Reputation: 40136
After playing around with toy datasets, this was my first attempt to use data that is relevant for a project at work. In short, after limping to get nearly all of my data into Neo4j, my last query simply stalled. See the screenshot.
Note: I was prototyping my queries by pasting them into the browser tool, but my longer term plan was to keep all of the commands in a .cql
file that I could script on my workstation in order to perform nightly analyses.
To add context to my problem, I am prototyping on my macbook.
The files I am processing (rows/columns). I am not importing every column, it was just easier to keep my current datasets in check.
The only config options that I set manually for neo4j were in neo4j-wrapper.conf
where I set wrapper.java.initmemory
and wrapper.java.maxmemory
to 4096
. I did this after poking around to find similar problems.
I made these changes out of the gate because within the browser, I was getting error messages that the database was disconnected while processing my queries.
Lastly, because my data are work-related, I can't provide test data. I can, however, link to my cypher queries.
Constraint and LOAD CSV .cql file
Any help and advice would be greatly appreciated. I am pretty confident this is user error on my end, but I have definitely hit the road with respect to what my next steps would be.
Upvotes: 1
Views: 589
Reputation: 41676
I would split this one up, into creating nodes once and creating relationships (each) second:
USING PERIODIC COMMIT 10000
LOAD CSV WITH HEADERS FROM "file:///Users/btibert/Dropbox/Projects/bentley-search-neo4j/data/templates.csv" AS row
WITH row
MATCH (r:Vendor {name:row.vendor})
WITH row, r
MERGE (p:Template {name:row.template_clean})
MERGE (v:Version {version:row.template_ver})
MERGE (p)-[:FROM_VERSION]->(v)
MERGE (p)-[:CREATED_BY]->(r);
As you can clearly see the Eager operation in the plan.
I mean it doesn't matter if you just have a few thousand rows. But if it goes towards many hundred thousand or millions then pulling all data in takes more memory.

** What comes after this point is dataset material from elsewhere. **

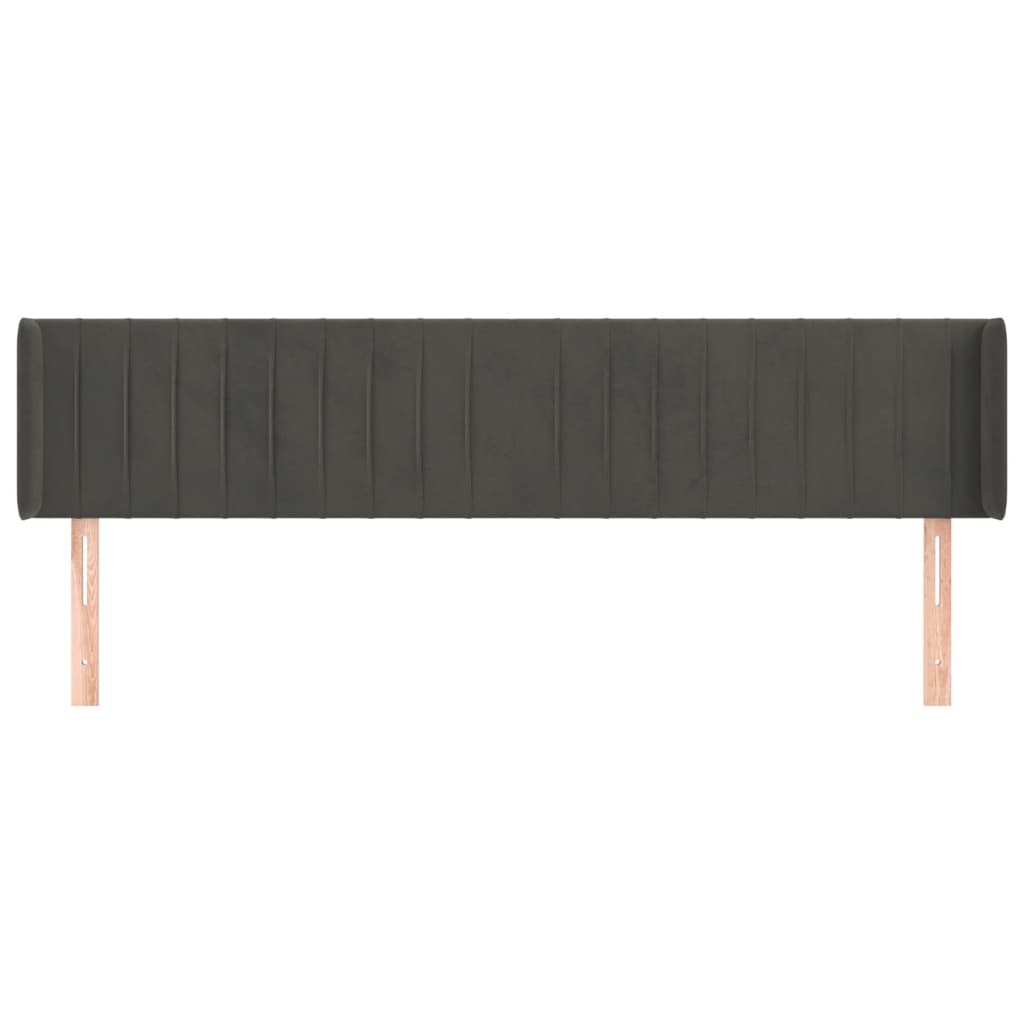 Hoofdbord met randen 183x16x78/88 cm fluweel donkergrijs is nu te koop bij PeponiXL, paradijselijk wonen!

+----------------+------------------------------------+------------------------------------------------------------------------------------------------+
| Operator | Identifiers | Other |
+----------------+------------------------------------+------------------------------------------------------------------------------------------------+
| EmptyResult | | |
| UpdateGraph(0) | anon[270], anon[301], p, r, row, v | MergePattern |
| UpdateGraph(1) | anon[270], p, r, row, v | MergePattern |
| UpdateGraph(2) | p, r, row, v | MergeNode; row.template_clean; :Template(name); MergeNode; row.template_ver; :Version(version) |
| Eager | r, row | |
| SchemaIndex | r, row | row.vendor; :Vendor(name) |
| LoadCSV | row | |
+----------------+------------------------------------+------------------------------------------------------------------------------------------------+
I would probably change this into an ON CREATE SET
variant for the non-key properties:
Also if you have multiple rows per student you can use WITH DISTINCT toInt(row.pidm) as pidm, ....

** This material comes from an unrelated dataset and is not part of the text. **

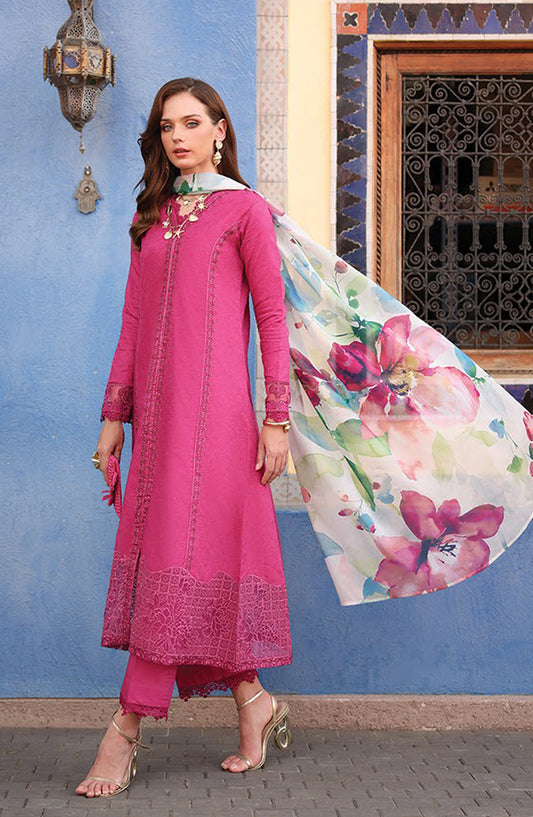 Xenia Embroidered Lawn Unstitched 3 Piece Suit - 03-Jeya - XF26ULW - Pink - Summer Collection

to reduce the number of merges it has to run.
LOAD CSV WITH HEADERS FROM "recs.csv" AS row
WITH row
MERGE (s:Student {pidm:toInt(row.pidm)})
ON CREATE SET s.hash_pidm=toInt(row.hash_pidm), ....;
This one I'd split up into two statements, one for each relationship, otherwise you might get too many matches:
(And you don't need the WITH
s in between)
LOAD CSV WITH HEADERS FROM "...recs.csv" AS row
WITH row
MATCH (s:Student {pidm: toInt(row.pidm)} )
MATCH (v:Vendor {name: row.vendor} )
MATCH (a:Ability {name: row.ability} )
WITH row, s, v, a
MERGE (s)-[:PURCHASED_FROM]->(v)
MERGE (s)-[:HAS_ABILITY]->(a);
would become:
LOAD CSV WITH HEADERS FROM "...recs.csv" AS row
MATCH (s:Student {pidm: toInt(row.pidm)} )

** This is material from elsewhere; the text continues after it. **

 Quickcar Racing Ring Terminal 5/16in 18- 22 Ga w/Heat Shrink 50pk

MATCH (v:Vendor {name: row.vendor} )
MERGE (s)-[:PURCHASED_FROM]->(v);
LOAD CSV WITH HEADERS FROM "...recs.csv" AS row
MATCH (s:Student {pidm: toInt(row.pidm)} )
MATCH (a:Ability {name: row.ability} )
MERGE (s)-[:HAS_ABILITY]->(a);
Here I would also create the contacts on themselves. (Again with ON CREATE SET) And do the student relationship in a separate statement:
LOAD CSV WITH HEADERS FROM "....cont.csv" AS row
MERGE (c:Contact {cid:row.cid}) ON CREATE SET ....;
LOAD CSV WITH HEADERS FROM "...cont.csv" AS row
MATCH (s:Student {pidm:toInt(row.pidm)} )
MATCH (c:Contact {cid:row.cid})
MERGE (s)-[:HAS_CONTACT]->(c);
I would also split this one up into two statements:
LOAD CSV WITH HEADERS FROM "...cont.csv" AS row
WITH row WHERE toInt(row.seqnum) = 1
MATCH (s:Student {pidm:toInt(row.pidm)})
MATCH (f:Contact {cid:row.first_cont})
MERGE (s)-[:FIRST]->(f);
LOAD CSV WITH HEADERS FROM "...cont.csv" AS row
WITH row WHERE toInt(row.seqnum) = 1
MATCH (s:Student {pidm:toInt(row.pidm)})
MATCH (l:Contact {cid:row.last_cont})
MERGE (s)-[:LAST]->(l);
Split this one up into E-Mail creation and then later connecting it to the student by msg-id:
LOAD CSV WITH HEADERS FROM "...brm.csv" AS row
MERGE (e:Email {msgid:row.msgid}) ON CREATE SET ... ;
LOAD CSV WITH HEADERS FROM "file:///Users/btibert/Dropbox/Projects/bentley-search-neo4j/data/brm.csv" AS row
MATCH (s:Student {pidm:toInt(row.pidm)})
MATCH (e:Email {msgid:row.msgid})
MERGE (s)-[:WAS_SENT]->(e);
HTH Michael
Upvotes: 2